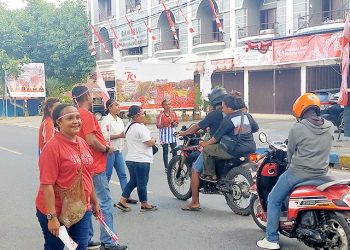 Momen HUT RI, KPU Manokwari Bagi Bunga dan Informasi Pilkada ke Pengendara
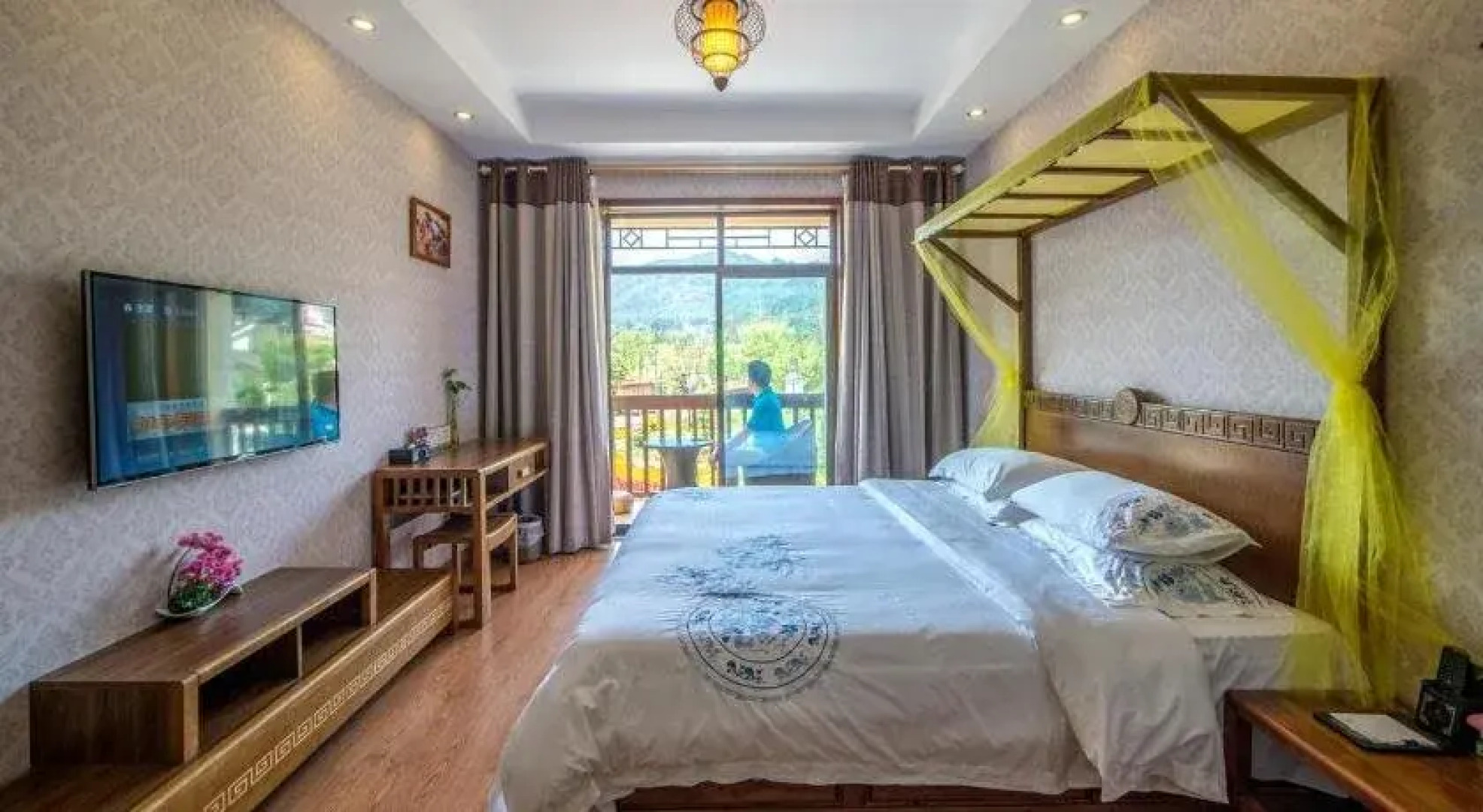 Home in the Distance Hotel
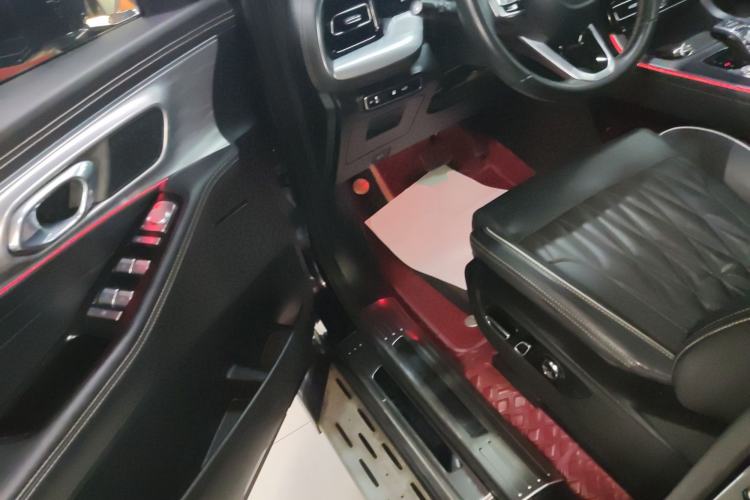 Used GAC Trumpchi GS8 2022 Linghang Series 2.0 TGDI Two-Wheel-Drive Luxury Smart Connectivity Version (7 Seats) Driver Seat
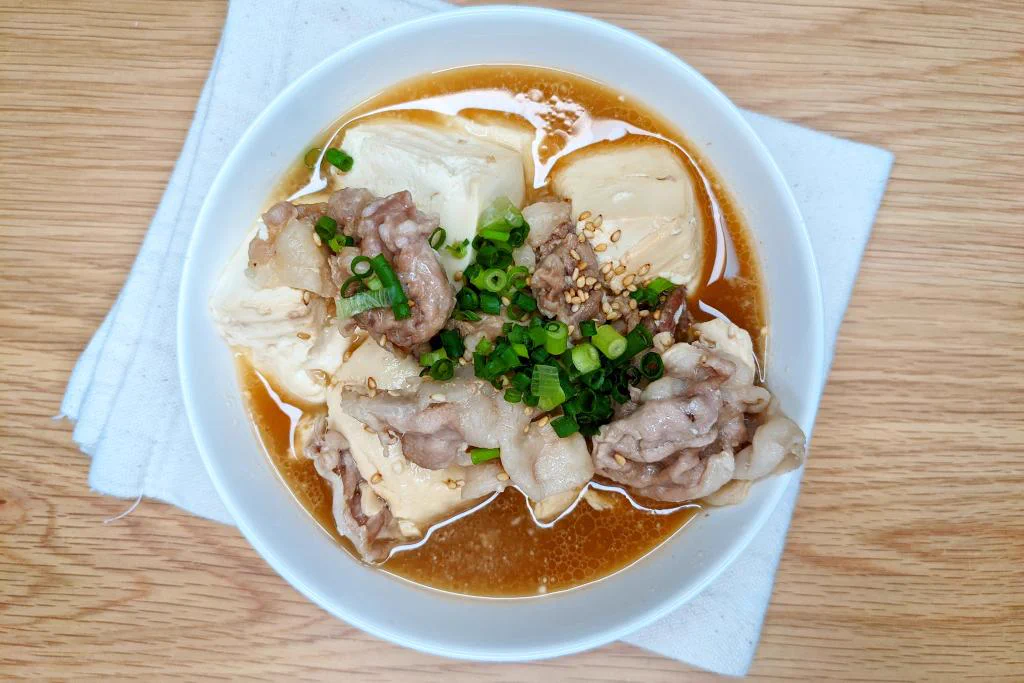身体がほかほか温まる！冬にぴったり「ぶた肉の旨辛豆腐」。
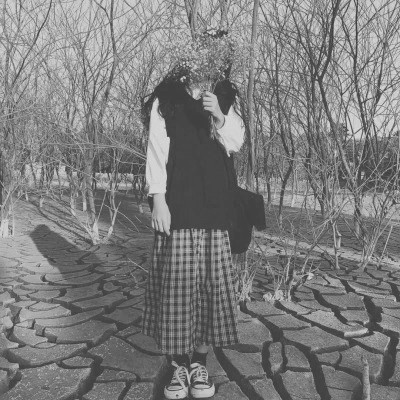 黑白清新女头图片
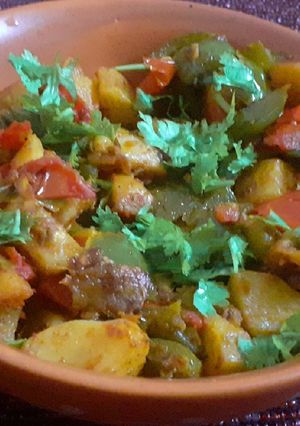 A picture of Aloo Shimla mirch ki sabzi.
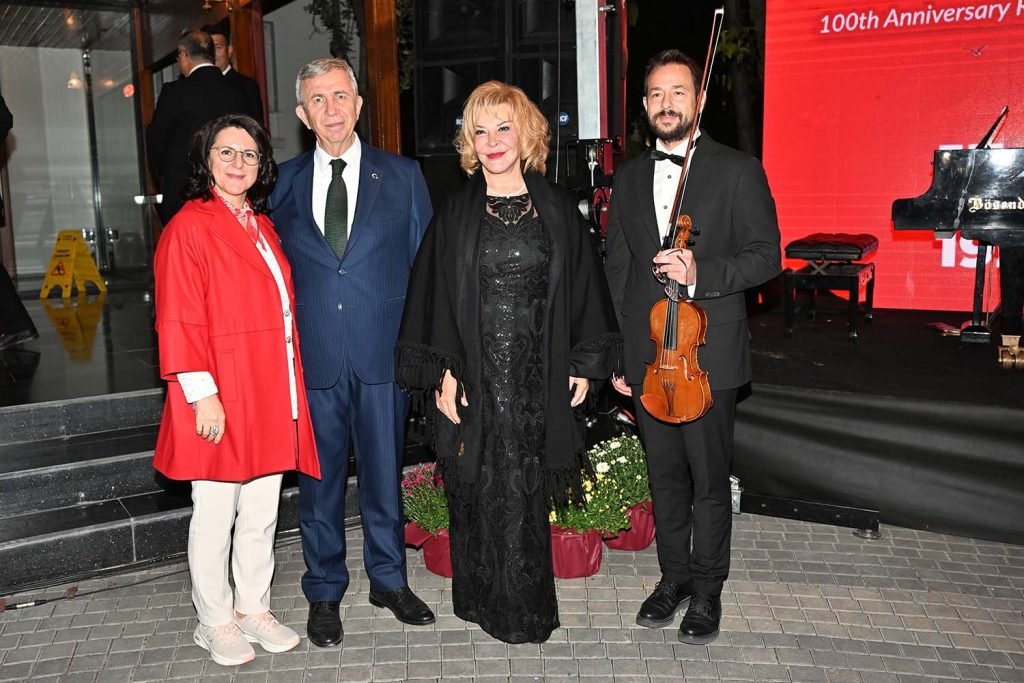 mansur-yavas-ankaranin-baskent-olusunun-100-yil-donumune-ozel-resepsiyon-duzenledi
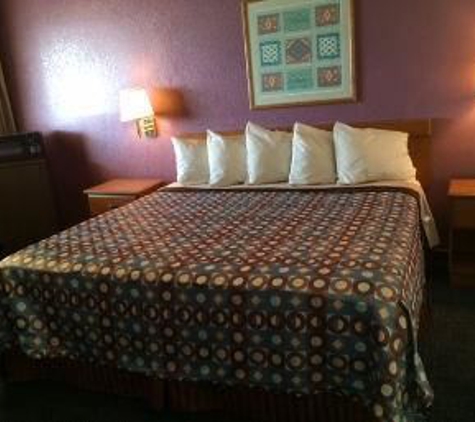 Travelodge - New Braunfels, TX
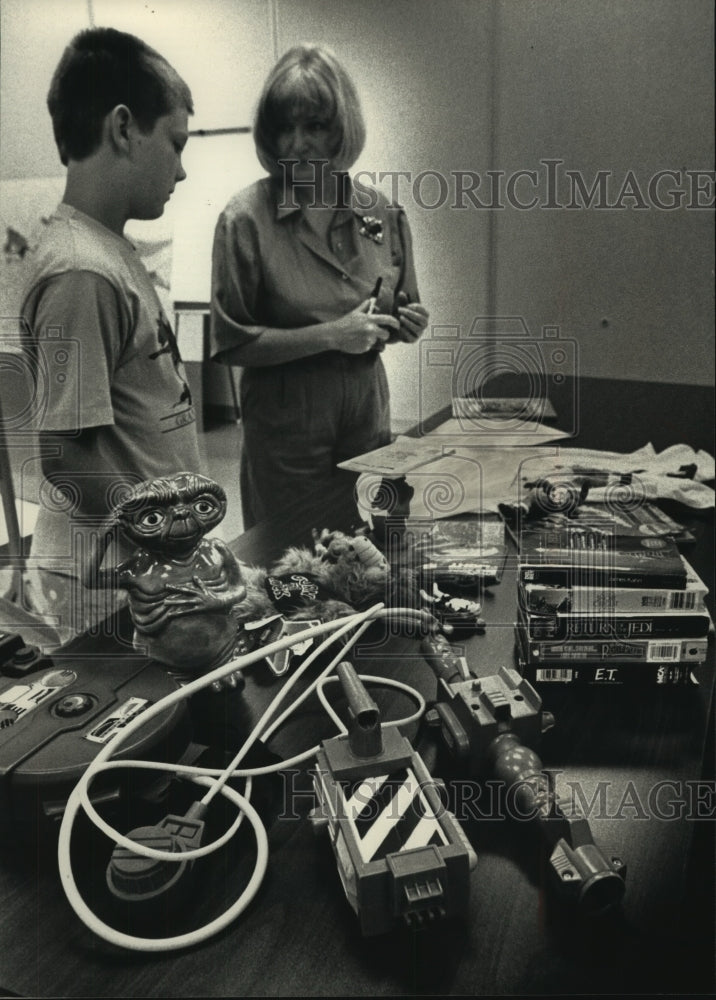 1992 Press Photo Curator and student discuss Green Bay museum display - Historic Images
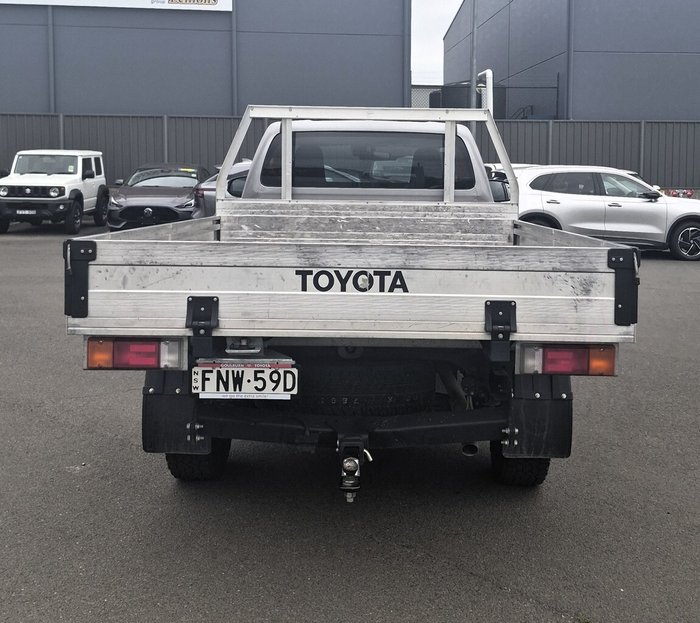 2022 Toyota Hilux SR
= = = = =
◆ Exercise instructions ◆
Could you output every record above exactly as it appears, without the pictures?

◆ Task answer ◆
 Momen HUT RI, KPU Manokwari Bagi Bunga dan Informasi Pilkada ke Pengendara
 Home in the Distance Hotel
 Used GAC Trumpchi GS8 2022 Linghang Series 2.0 TGDI Two-Wheel-Drive Luxury Smart Connectivity Version (7 Seats) Driver Seat
身体がほかほか温まる！冬にぴったり「ぶた肉の旨辛豆腐」。
 黑白清新女头图片
 A picture of Aloo Shimla mirch ki sabzi.
 mansur-yavas-ankaranin-baskent-olusunun-100-yil-donumune-ozel-resepsiyon-duzenledi
 Travelodge - New Braunfels, TX
 1992 Press Photo Curator and student discuss Green Bay museum display - Historic Images
 2022 Toyota Hilux SR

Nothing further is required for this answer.